Start of ENTRIES PROVIDED

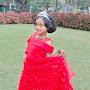 @sachinnikam3381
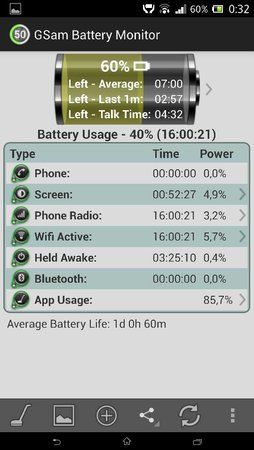 uploadfromtaptalk1367447919893.jpg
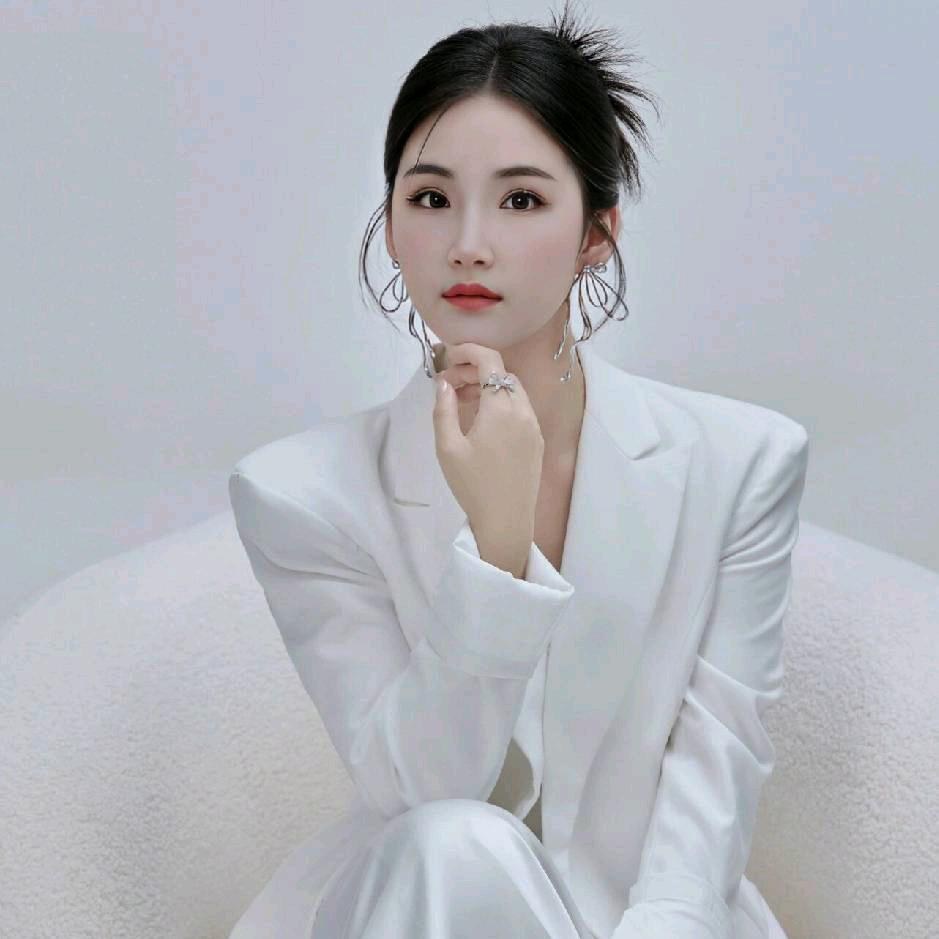 老王家大小姐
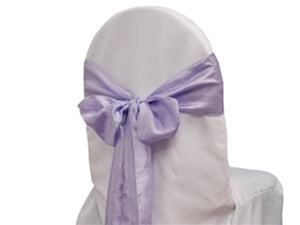 sashes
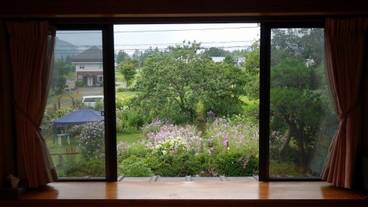 施設からの眺望 / 15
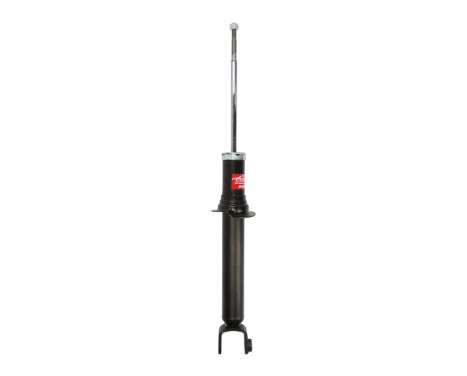Amortisseur Excel-G 341737 Kayaba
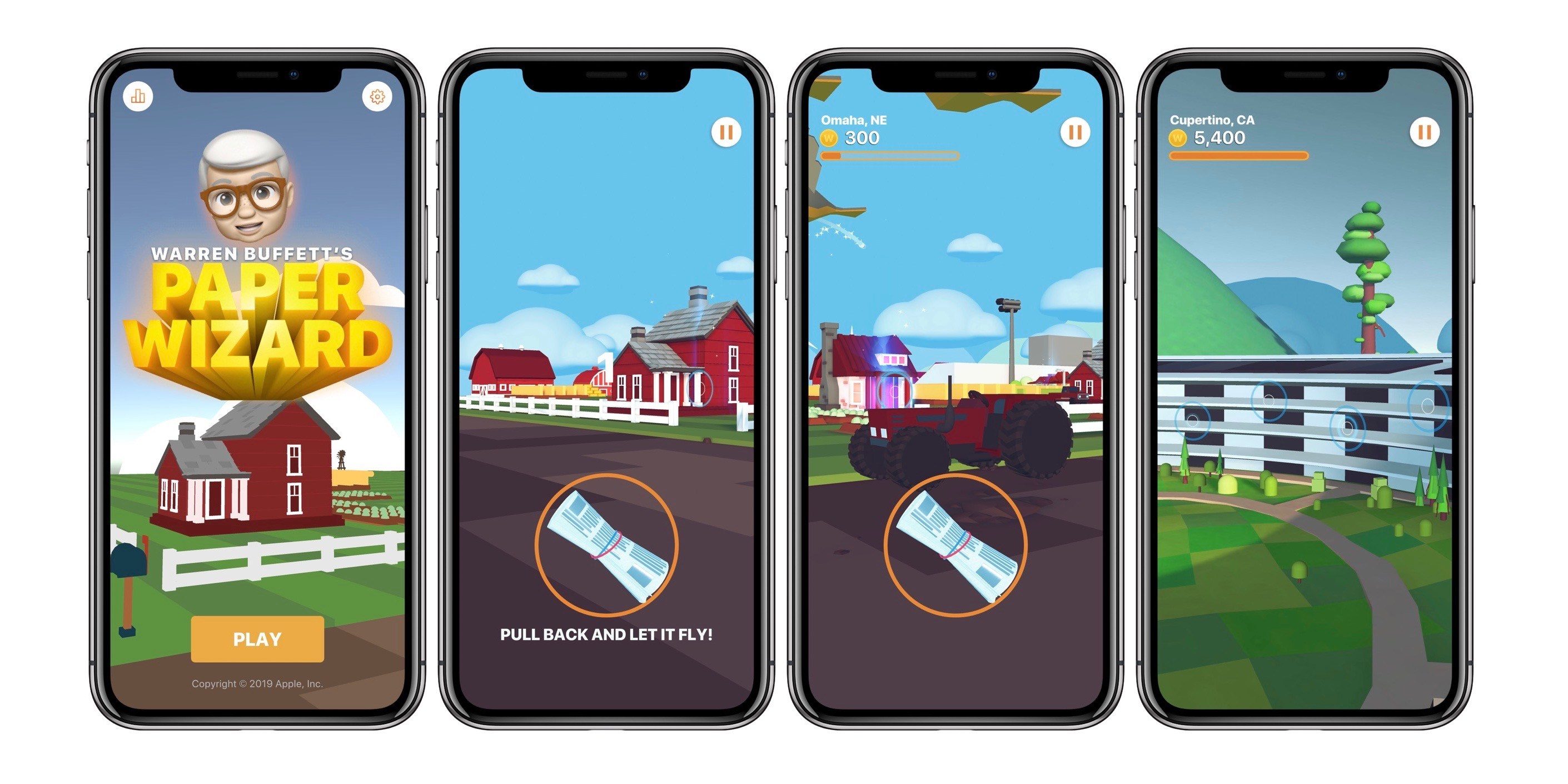 苹果iPhone6被炒得“惊天动地”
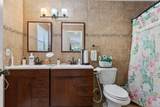 3750 73rd Avenue - Photo 21
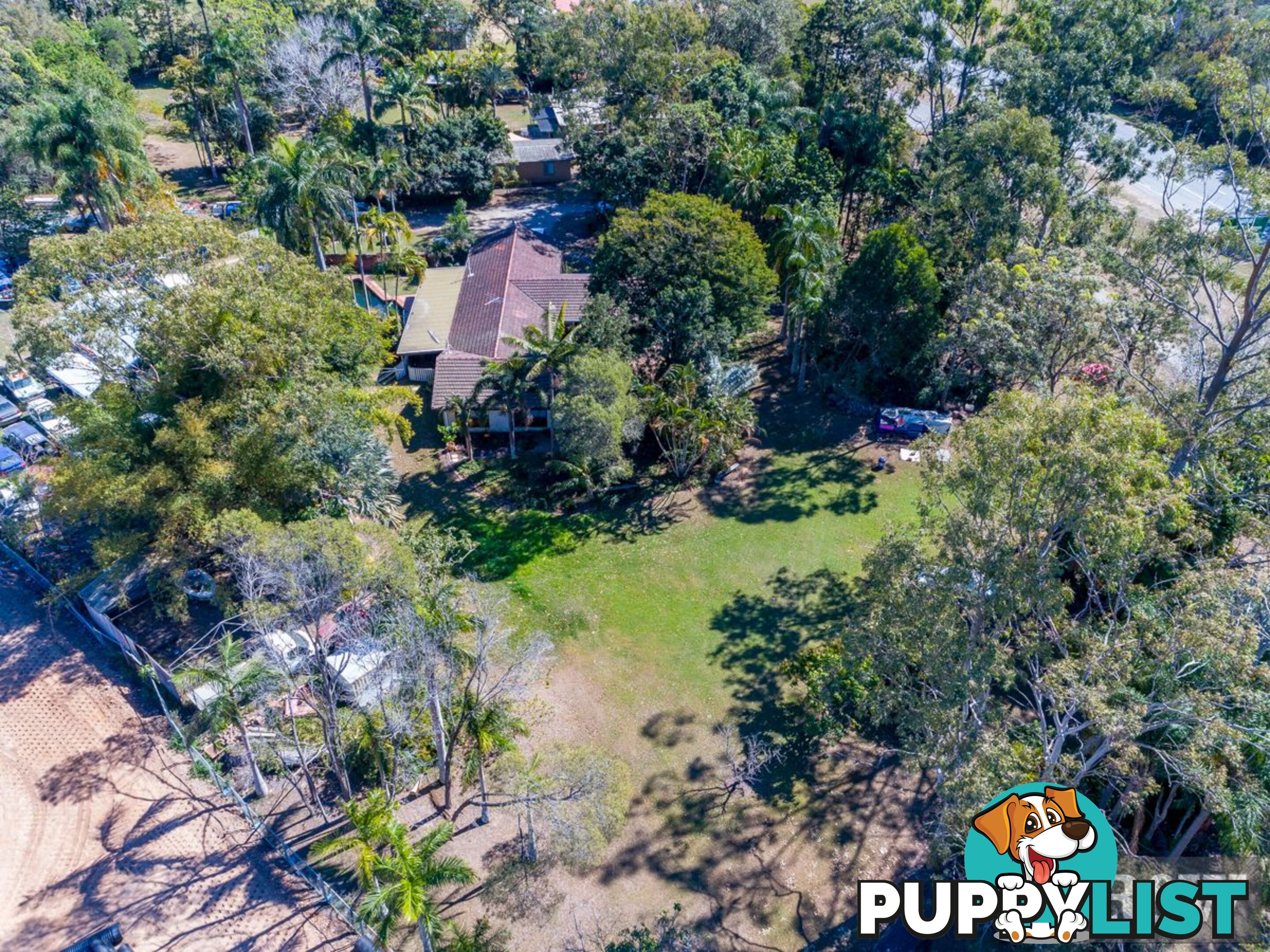 658 Morayfield Road Burpengary QLD 4505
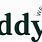 Boddy Logo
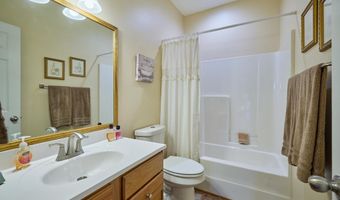 4116 Wildflower Ln, Benton, AR 72015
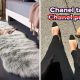 jika-suasana-anda-*mewah*-tapi-dompet-anda-teriak-*murah*,-anda-mungkin-akan-menyukai-35-item-ini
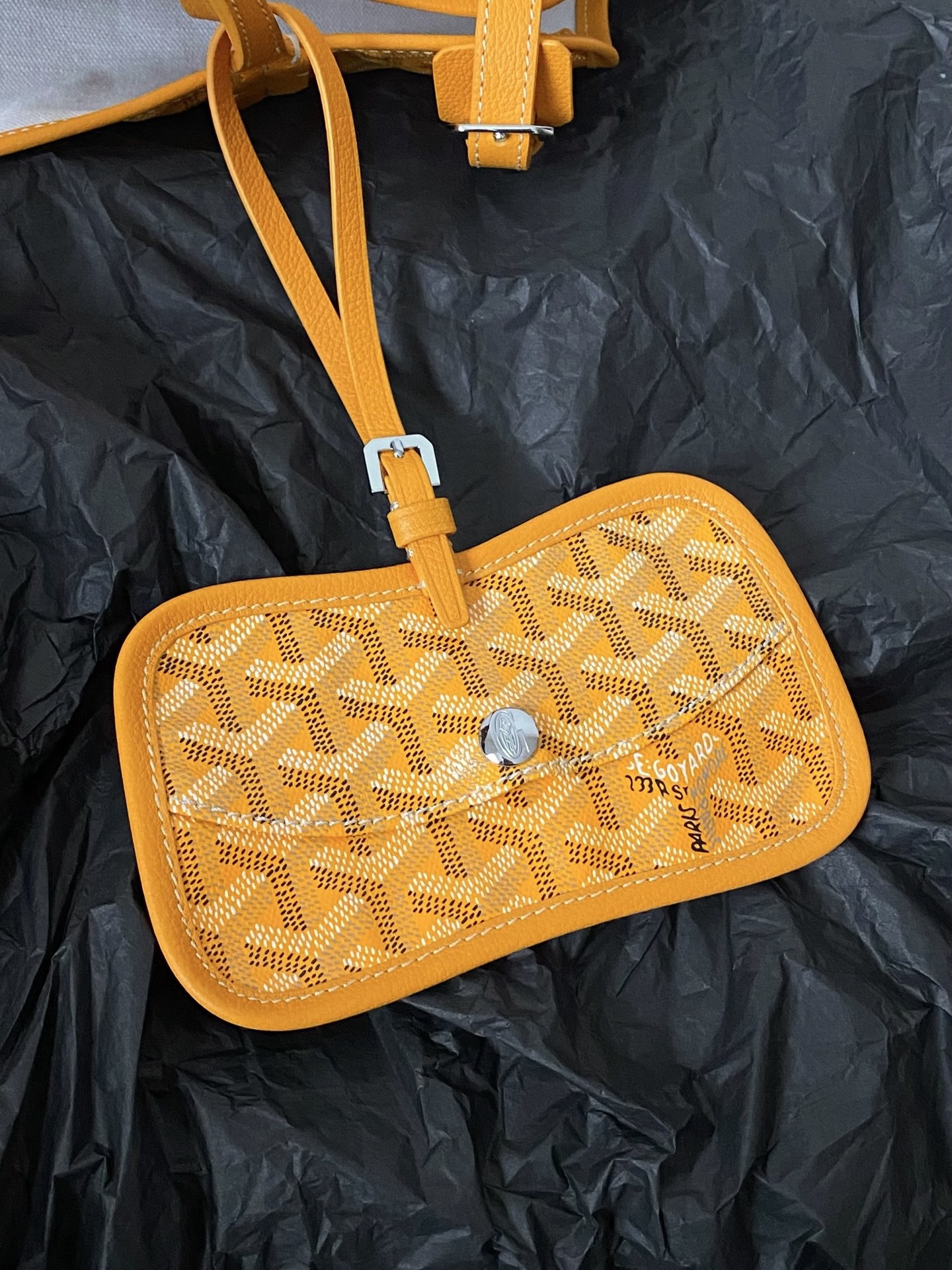 Goyard bags-19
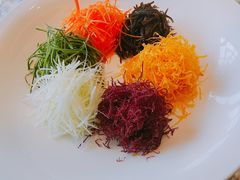 -临江宴(陆家嘴店)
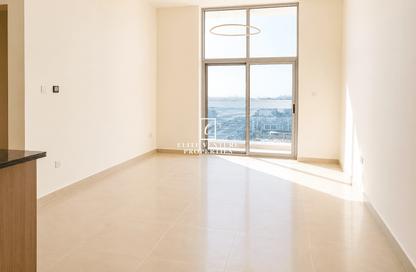 Apartment - 1 - 2 for rent in Azizi Plaza - Al Furjan - Dubai Apartment - 1 - 2 for rent in Azizi Plaza - Al Furjan - Dubai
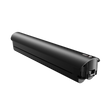 Urtopia Spare Battery — Fusion GT / Fusion Pro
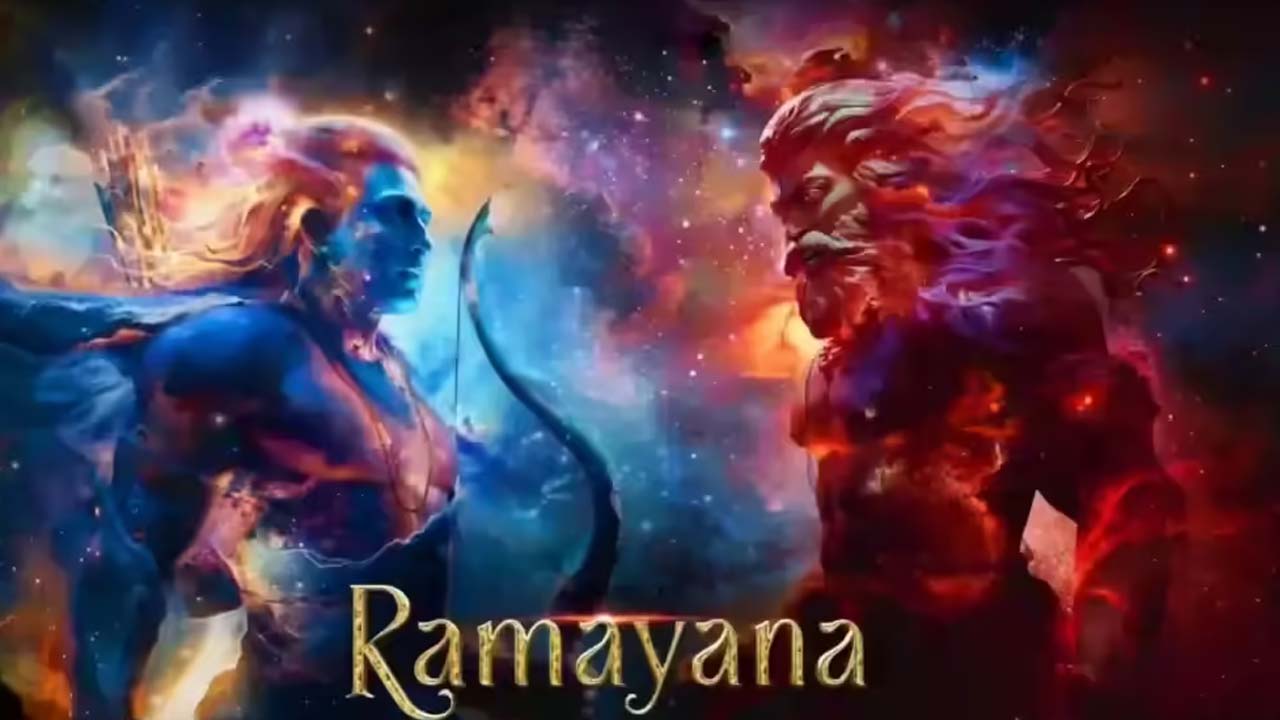 Ramayan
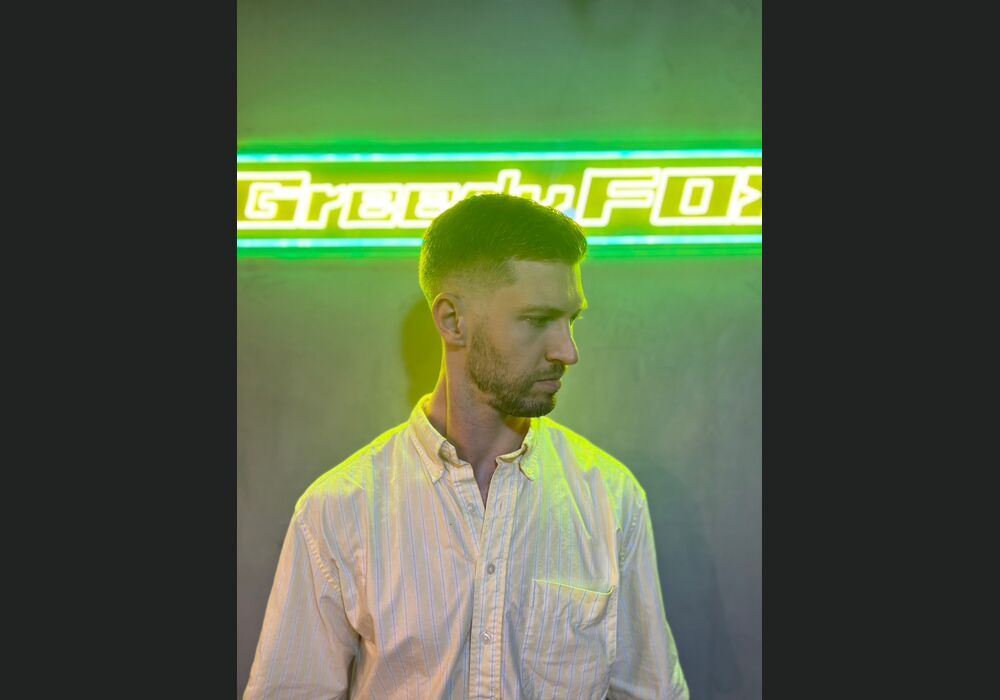 IMG_6422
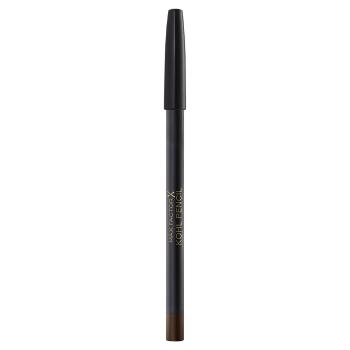 Max Factor Kohl Pencil tužka na oči 030 hnědá 4 g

End of ENTRIES PROVIDED

__EXERCISE DETAILS__
Skip every picture. Repeat word for word the lines from the line holding "Goyard bags-19" through the end of the entries above.

__EXERCISE RESULT__
 Goyard bags-19
 -临江宴(陆家嘴店)
 Apartment - 1 - 2 for rent in Azizi Plaza - Al Furjan - Dubai Apartment - 1 - 2 for rent in Azizi Plaza - Al Furjan - Dubai
 Urtopia Spare Battery — Fusion GT / Fusion Pro
 Ramayan
 IMG_6422
 Max Factor Kohl Pencil tužka na oči 030 hnědá 4 g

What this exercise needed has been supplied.